*** Exercise data ***

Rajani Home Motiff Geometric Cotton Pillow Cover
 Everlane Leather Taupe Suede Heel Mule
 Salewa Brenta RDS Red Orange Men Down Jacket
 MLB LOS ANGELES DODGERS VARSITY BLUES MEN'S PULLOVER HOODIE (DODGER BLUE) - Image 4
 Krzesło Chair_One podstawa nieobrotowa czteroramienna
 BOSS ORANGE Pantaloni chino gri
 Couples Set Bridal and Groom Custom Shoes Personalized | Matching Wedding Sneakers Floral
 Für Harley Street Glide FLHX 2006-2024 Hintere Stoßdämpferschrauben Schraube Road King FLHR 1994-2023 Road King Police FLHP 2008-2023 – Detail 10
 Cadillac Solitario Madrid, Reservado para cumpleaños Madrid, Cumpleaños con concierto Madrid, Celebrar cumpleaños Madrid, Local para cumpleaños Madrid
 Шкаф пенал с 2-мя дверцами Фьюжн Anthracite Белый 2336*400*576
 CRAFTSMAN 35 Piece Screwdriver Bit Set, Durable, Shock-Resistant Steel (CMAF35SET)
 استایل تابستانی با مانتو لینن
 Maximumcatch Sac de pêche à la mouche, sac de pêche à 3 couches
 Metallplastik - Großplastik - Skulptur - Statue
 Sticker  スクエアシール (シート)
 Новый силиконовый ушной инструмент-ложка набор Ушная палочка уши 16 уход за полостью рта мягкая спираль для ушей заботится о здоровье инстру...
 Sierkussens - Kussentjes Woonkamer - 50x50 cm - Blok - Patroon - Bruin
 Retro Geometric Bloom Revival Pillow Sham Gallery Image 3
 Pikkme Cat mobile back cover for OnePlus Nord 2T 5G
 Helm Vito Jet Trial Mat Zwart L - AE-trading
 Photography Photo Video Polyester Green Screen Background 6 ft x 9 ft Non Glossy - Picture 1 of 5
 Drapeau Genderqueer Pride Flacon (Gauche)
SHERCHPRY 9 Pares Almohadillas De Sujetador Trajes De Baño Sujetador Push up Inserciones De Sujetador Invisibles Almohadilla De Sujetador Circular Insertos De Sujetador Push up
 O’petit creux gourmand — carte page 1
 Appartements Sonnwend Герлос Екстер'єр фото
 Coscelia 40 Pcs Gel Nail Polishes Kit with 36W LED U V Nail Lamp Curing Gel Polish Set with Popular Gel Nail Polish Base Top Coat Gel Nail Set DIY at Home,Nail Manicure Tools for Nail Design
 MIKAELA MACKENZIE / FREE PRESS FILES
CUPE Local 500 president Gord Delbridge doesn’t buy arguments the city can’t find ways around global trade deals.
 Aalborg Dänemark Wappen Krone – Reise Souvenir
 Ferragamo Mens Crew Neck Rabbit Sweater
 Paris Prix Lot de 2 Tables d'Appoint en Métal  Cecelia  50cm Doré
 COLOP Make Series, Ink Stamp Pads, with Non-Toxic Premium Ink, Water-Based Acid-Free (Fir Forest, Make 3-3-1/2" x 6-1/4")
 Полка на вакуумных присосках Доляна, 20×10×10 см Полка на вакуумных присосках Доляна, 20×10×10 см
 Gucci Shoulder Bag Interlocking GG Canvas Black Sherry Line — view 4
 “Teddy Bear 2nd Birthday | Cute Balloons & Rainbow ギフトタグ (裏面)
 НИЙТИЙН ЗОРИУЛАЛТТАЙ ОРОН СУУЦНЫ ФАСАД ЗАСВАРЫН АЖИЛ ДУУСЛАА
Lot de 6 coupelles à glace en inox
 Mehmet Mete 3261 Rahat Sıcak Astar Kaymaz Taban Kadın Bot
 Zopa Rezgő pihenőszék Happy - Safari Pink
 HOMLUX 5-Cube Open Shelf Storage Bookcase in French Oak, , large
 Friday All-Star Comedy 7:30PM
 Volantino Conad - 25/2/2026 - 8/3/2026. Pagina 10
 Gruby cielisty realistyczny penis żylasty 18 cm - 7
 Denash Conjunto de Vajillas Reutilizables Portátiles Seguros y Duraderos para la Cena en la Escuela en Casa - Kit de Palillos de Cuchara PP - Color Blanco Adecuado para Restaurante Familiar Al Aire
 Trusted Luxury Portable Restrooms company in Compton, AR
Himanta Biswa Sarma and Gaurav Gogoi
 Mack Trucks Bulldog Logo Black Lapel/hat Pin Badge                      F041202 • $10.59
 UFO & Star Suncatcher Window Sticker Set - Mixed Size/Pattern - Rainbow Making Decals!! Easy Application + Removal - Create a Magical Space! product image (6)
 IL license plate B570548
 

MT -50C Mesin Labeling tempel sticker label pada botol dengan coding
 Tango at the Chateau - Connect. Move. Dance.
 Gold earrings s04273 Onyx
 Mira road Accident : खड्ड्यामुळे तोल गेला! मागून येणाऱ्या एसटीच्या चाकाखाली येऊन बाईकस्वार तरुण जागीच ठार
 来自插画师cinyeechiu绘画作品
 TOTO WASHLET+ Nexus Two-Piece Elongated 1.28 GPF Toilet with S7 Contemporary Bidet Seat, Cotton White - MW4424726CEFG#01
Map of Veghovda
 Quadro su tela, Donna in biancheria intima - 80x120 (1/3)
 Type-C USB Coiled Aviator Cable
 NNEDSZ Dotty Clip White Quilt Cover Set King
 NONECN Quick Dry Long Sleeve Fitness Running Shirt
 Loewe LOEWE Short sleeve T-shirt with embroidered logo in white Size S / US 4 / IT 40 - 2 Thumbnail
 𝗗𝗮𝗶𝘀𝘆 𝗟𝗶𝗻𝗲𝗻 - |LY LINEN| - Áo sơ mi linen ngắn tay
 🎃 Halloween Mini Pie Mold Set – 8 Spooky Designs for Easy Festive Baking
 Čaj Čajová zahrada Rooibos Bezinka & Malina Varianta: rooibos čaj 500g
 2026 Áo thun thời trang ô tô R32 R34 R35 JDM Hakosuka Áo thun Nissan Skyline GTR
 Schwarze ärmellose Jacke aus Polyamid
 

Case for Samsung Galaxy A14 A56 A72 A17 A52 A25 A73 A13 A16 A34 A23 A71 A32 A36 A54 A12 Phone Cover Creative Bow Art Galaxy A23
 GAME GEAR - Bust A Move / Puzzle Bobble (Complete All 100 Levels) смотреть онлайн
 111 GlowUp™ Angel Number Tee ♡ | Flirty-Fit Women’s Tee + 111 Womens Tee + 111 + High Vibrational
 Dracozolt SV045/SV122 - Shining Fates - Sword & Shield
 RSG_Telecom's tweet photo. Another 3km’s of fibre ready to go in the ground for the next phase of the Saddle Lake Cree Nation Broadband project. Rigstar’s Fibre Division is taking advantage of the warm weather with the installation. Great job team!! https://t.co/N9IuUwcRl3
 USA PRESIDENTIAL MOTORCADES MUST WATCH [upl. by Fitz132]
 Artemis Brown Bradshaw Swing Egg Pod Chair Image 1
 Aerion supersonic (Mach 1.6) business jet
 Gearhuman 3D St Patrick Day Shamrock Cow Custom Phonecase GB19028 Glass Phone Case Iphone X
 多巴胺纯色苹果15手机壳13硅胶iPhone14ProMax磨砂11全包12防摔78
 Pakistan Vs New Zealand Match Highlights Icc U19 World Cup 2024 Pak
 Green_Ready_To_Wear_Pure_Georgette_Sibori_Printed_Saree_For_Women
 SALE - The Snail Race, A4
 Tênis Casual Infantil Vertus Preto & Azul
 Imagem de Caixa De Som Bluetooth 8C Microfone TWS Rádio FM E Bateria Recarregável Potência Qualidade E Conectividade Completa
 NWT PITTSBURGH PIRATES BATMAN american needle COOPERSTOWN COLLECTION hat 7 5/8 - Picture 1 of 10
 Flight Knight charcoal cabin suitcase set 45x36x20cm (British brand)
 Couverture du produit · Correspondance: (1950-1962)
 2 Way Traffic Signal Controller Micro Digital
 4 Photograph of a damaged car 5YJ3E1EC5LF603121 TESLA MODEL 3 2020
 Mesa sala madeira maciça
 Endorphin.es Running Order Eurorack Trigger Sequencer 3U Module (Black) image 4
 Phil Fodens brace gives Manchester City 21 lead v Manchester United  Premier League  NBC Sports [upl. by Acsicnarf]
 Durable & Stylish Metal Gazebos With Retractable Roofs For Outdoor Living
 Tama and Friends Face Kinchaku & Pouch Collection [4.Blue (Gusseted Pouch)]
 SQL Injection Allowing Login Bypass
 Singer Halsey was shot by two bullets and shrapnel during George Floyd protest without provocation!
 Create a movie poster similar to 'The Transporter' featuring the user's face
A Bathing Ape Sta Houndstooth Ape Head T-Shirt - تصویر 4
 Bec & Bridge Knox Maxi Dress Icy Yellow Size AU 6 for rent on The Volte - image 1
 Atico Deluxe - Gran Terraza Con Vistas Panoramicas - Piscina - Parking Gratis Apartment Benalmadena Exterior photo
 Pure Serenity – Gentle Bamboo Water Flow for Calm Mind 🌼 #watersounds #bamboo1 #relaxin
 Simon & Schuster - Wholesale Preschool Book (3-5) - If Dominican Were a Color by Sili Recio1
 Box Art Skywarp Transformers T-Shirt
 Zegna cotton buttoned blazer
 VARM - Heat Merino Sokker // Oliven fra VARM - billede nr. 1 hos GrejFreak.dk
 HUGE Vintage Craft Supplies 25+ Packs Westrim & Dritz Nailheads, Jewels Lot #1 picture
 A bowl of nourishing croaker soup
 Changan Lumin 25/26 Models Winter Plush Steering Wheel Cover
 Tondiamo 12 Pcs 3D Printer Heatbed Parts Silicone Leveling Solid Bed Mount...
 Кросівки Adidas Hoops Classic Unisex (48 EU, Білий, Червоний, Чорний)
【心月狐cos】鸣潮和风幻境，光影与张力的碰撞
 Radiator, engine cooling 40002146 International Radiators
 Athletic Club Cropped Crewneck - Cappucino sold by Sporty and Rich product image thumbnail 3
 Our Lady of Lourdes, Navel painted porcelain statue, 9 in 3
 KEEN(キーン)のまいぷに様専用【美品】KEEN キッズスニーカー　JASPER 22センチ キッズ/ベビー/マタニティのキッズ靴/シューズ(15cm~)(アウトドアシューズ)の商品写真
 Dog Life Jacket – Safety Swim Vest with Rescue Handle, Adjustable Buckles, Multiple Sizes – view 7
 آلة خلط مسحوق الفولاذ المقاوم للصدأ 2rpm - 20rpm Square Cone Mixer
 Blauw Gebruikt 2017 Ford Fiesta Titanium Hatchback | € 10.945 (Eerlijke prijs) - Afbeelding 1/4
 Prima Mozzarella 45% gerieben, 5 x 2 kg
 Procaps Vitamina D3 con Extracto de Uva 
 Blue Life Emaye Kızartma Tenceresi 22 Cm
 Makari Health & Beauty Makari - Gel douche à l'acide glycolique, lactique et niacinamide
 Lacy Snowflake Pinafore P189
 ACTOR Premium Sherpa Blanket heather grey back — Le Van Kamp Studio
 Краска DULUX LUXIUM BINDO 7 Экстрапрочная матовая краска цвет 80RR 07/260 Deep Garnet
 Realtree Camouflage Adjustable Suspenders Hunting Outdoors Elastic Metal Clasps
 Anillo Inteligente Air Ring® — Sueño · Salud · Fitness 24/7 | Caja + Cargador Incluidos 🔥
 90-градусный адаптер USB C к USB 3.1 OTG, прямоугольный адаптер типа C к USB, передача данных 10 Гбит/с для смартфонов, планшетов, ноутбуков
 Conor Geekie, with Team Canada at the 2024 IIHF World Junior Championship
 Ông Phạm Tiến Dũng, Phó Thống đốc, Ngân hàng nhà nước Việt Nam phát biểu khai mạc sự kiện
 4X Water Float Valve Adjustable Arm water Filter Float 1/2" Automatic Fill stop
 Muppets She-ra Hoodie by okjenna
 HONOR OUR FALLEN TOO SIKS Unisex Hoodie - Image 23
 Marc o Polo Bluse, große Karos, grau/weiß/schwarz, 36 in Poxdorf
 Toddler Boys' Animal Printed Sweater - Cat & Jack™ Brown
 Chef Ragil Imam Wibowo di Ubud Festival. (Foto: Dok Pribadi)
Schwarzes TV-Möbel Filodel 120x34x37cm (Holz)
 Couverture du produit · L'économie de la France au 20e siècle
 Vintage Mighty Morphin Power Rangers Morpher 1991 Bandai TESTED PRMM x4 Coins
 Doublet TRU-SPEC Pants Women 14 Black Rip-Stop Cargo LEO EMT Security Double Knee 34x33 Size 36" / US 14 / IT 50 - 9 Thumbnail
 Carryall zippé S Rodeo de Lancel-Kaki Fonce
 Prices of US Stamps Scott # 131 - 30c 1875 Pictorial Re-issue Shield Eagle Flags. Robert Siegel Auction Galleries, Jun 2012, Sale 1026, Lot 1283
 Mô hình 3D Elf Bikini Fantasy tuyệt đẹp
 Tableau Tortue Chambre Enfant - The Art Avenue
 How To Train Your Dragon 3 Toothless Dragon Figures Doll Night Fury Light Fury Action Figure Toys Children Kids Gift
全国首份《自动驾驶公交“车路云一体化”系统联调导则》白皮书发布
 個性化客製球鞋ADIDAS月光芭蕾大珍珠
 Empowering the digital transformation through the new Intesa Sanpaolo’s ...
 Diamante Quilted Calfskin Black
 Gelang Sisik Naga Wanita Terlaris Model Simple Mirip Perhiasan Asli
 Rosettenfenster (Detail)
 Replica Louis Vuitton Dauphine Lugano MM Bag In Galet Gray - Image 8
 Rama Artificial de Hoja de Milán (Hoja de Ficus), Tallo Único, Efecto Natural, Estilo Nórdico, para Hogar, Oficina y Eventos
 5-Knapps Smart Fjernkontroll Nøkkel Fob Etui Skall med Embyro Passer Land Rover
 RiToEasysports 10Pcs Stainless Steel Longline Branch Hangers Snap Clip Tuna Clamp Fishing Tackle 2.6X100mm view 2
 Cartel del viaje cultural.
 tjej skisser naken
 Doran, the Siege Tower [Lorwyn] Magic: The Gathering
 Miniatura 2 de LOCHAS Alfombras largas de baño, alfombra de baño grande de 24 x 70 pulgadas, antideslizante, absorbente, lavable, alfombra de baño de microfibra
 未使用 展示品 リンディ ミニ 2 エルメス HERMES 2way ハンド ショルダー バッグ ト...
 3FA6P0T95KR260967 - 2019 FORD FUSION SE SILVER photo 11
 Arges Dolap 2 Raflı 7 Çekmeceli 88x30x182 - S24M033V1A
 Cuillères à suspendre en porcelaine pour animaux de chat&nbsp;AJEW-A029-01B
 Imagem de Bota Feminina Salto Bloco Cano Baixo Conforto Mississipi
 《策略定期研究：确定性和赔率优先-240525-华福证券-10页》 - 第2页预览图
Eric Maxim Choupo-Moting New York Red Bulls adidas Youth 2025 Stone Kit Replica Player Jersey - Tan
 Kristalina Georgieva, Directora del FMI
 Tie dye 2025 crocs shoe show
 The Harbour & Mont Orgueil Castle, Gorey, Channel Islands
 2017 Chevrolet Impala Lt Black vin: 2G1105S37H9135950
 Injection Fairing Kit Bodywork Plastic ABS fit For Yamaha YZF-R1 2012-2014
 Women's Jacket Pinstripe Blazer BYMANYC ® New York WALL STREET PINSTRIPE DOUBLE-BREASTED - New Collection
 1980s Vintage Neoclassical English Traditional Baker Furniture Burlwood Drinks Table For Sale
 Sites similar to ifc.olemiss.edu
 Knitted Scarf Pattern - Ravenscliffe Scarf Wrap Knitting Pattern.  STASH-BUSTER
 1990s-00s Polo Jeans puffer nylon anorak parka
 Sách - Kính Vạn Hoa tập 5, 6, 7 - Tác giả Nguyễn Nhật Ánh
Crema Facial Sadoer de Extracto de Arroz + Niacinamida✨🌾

***

Problem description: Count every line of the entries that includes "Polo", and say the number alone.

Answer for the task: 2